Laravel & Recursive, Relation-Constrained, Tree-Shaken Queries
Disclaimer
The syntax for recursive SQL CTE queries varies depending on what you are using. While this will probably work with other DB engines, I've only used this with PostgreSQL. I am also using a PostgreSQL-exclusive SQL statement for optimal efficiency; however, I do note an alternative for non-PostgreSQL servers as well.
Use Case
Let's say we have a Category model with self-referential Parent & Children relationships set up. In addition, there is also a hasMany relationship set up for a Video model. So maybe we have some categories set up with their own sub-categories, and those sub-categories also have sub-categories, and those sub-sub-categories have a video.
Now, let's say we need to fetch only the categories that have at least one published video. That's easy enough - but if we're building out a hierarchical tree, we'll need to also query the ancestral tree all the way up. While this can be done in a few different ways within Laravel, it's typically not very efficient and requires multiple individual queries to be made.

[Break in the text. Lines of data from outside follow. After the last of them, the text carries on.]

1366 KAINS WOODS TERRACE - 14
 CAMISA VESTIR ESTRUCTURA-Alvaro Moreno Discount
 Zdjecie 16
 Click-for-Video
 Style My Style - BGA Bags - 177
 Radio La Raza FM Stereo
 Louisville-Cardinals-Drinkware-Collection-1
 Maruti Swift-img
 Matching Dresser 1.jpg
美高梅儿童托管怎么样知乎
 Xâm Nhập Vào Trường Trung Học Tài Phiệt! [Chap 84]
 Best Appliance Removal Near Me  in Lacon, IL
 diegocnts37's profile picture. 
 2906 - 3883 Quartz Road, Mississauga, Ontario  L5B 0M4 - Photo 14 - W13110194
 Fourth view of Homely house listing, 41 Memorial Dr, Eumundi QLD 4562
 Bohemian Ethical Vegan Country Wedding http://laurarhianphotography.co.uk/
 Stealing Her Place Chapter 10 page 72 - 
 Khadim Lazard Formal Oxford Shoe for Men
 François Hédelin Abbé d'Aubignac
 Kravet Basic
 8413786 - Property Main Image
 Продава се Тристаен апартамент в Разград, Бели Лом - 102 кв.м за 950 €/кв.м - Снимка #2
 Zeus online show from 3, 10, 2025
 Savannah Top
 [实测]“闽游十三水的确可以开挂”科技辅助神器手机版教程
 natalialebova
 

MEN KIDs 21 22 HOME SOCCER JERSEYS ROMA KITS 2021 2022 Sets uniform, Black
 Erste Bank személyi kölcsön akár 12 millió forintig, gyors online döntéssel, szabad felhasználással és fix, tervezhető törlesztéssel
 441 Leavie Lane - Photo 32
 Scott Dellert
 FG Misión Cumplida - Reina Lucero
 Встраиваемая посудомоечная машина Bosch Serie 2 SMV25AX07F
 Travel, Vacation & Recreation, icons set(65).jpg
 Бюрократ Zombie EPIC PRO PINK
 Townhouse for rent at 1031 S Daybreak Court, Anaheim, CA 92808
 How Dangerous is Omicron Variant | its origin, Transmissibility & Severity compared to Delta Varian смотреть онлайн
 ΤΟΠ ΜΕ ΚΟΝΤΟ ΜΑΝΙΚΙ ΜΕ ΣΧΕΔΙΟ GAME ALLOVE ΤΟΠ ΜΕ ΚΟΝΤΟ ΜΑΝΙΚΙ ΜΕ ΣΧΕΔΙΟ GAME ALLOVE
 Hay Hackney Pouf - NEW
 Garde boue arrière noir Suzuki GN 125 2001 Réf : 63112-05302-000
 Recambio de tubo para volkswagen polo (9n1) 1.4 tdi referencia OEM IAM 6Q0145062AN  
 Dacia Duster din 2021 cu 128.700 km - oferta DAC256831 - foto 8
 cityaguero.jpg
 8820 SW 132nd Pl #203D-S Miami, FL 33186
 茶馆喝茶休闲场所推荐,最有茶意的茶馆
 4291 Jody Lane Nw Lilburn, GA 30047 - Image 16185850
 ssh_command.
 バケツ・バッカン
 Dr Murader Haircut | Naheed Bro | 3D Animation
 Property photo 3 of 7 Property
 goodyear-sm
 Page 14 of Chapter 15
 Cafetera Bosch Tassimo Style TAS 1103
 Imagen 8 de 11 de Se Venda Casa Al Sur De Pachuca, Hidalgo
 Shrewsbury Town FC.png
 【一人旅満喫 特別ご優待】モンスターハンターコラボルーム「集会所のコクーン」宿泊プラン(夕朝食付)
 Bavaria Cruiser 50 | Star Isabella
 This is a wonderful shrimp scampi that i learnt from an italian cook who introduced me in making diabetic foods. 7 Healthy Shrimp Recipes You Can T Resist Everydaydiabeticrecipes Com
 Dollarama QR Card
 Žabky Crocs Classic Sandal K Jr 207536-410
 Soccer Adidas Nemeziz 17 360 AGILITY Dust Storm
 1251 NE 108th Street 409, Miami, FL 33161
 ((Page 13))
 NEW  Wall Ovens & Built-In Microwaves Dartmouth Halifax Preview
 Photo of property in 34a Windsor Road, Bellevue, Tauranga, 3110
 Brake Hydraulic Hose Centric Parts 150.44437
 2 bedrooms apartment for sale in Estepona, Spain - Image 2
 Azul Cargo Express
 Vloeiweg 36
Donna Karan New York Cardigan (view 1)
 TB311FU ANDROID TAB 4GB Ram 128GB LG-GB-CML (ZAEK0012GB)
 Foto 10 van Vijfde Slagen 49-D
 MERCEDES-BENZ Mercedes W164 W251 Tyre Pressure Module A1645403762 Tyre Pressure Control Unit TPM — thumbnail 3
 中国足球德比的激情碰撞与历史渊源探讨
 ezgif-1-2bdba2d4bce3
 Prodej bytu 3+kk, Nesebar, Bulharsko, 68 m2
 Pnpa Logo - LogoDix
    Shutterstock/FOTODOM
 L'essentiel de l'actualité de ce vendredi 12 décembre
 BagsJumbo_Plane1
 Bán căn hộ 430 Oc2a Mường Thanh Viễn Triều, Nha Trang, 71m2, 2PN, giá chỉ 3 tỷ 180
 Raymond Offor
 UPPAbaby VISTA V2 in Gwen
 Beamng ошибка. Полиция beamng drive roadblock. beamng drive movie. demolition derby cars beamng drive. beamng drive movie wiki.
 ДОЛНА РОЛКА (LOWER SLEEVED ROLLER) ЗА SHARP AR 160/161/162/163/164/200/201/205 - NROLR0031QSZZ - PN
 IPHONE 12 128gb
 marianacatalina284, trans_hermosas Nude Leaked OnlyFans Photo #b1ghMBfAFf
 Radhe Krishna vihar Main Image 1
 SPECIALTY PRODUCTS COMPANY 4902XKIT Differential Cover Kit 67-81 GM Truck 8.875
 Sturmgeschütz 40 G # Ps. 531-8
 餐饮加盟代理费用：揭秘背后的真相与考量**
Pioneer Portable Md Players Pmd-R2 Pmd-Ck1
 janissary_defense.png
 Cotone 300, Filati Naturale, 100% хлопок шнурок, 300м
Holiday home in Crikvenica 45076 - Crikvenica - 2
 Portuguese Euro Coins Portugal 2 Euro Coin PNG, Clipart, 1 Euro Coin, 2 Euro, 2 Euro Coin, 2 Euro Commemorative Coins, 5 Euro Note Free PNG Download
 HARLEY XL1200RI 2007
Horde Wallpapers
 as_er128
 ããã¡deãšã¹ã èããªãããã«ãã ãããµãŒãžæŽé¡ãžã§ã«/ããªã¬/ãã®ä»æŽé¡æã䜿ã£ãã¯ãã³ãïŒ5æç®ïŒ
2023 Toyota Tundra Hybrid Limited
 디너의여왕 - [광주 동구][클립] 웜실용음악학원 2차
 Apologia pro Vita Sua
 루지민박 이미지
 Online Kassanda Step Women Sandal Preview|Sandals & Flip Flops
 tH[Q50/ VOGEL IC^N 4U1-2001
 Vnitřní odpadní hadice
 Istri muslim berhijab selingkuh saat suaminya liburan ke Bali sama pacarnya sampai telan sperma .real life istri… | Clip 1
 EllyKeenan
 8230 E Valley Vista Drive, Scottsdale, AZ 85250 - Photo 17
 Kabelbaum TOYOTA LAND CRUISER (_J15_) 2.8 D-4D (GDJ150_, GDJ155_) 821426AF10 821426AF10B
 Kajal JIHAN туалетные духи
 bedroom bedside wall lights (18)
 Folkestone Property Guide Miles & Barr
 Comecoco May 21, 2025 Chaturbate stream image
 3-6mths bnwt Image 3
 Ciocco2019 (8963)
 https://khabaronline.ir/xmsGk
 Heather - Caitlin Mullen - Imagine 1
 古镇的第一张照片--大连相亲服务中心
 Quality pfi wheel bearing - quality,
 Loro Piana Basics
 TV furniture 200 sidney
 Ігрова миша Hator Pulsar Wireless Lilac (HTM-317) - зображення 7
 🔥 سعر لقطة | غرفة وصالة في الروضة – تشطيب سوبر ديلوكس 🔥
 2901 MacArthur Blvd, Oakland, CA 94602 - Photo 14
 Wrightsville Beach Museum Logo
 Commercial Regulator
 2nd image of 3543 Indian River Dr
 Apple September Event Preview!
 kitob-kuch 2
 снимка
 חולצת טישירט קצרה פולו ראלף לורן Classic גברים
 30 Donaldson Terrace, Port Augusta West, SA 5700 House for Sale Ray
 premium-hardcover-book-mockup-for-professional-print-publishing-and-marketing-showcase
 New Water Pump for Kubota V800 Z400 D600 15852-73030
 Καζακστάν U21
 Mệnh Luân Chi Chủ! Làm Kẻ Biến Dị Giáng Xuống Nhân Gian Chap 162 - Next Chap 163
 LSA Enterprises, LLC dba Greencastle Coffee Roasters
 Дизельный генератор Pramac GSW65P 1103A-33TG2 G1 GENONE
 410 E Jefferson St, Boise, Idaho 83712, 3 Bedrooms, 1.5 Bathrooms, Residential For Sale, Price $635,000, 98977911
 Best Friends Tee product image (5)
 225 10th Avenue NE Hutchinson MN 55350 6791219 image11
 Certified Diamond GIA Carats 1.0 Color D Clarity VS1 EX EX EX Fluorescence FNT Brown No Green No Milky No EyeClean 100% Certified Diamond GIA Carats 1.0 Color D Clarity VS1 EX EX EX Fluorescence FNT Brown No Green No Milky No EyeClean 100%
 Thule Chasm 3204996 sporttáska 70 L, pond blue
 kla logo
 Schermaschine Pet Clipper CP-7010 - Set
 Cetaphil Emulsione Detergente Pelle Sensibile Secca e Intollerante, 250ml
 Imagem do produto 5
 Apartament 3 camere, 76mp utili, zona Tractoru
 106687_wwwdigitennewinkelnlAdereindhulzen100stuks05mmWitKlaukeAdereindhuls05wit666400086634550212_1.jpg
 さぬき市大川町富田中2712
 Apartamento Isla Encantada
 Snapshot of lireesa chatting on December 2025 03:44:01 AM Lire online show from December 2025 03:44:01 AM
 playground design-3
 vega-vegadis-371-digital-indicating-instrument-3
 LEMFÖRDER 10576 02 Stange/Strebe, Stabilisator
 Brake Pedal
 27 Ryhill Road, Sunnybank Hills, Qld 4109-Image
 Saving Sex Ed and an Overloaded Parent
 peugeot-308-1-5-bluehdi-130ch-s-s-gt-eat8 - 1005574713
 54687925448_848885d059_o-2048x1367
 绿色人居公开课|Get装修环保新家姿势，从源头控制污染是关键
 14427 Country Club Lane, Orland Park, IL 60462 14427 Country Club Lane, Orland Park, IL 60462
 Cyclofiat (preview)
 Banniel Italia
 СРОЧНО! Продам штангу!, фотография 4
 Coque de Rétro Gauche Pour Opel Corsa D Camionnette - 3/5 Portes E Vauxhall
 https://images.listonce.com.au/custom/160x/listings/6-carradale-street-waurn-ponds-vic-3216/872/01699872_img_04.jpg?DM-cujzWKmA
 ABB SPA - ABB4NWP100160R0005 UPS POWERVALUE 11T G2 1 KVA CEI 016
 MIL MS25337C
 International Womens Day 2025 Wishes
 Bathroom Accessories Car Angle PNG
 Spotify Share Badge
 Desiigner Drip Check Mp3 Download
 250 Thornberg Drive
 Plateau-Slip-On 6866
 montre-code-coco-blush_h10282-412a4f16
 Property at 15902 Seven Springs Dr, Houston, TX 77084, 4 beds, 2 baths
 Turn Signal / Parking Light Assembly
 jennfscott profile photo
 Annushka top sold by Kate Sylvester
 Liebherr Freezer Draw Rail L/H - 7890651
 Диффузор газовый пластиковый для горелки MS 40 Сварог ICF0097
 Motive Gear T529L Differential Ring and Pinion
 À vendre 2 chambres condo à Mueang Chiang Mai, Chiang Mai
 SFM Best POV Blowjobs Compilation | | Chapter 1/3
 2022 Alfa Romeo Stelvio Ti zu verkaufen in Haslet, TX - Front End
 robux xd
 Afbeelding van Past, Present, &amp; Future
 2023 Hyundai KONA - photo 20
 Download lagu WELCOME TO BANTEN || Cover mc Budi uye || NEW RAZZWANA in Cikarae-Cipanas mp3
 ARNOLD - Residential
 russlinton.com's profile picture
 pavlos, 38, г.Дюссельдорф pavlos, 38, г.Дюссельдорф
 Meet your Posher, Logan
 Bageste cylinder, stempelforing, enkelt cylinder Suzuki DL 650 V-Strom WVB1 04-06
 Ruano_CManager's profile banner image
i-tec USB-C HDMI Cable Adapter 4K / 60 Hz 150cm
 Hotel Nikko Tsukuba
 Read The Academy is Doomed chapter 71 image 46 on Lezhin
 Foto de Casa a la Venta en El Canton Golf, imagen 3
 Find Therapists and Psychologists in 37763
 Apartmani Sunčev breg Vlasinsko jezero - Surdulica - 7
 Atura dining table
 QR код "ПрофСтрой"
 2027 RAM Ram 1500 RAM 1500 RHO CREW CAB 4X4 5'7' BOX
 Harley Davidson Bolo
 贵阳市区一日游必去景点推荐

With a recursive CTE (Common Table Expression) query, we can fetch only the required Categories to complete the hierarchy tree in a single query, resulting in much more efficient computation cycles for larger datasets which is my professional assumption... use at your own peril.
The Query
Dataset Example
What we're essentially going for here is to tree-shake the entire group of Categories so that only the following remains:
- Categories that have at least one video
- OR Categories that have a descendant at any depth with at least one video
Given the use case above, the visual representation of the categories is as follows:
Original
- Example 1 (unpublished video ❌)
- Example 2
- Example 3 (published video ✔️)
- Example 4
- Example 5 (published video ✔️)
- Example 6
- Example 7
- Example 8 (unpublished video ❌)
- Example 9
- Example 10 (published video ✔️)
- Example 8 (unpublished video ❌)
- Example 2
- Example 11
- Example 12 (published video ✔️)
- Example 13 (published video ✔️)
- Example 14 (unpublished video ❌)
Tree-shaken
- Example 1
- Example 2
- Example 3 (published video ✔️)
- Example 5 (published video ✔️)
- Example 7
- Example 10 (published video ✔️)
- Example 7
- Example 2
- Example 11
- Example 12 (published video ✔️)
- Example 13 (published video ✔️)
The problem here is that there is no limit to how many levels deep a given Category's descendants might go. In practice, I'd imagine the upper limit for most applications would be about 10 levels deep (and that would be a lot of levels), but the idea of having to know the maximum depth of sub-Categories for a given dataset at the time of executing the query feels like an anti-pattern. Instead, I wanted a solution that would work dynamically, regardless of the depth of subcategories we're dealing with.
Enter PostgreSQL CTE
Before looking into this, I hadn't worked with recursive queries before. I recommend reading about them more in-depth on PostgreSQL's website. Essentially what this does is utilize temporary tables for just this query while recursively executing the SQL statements specified within.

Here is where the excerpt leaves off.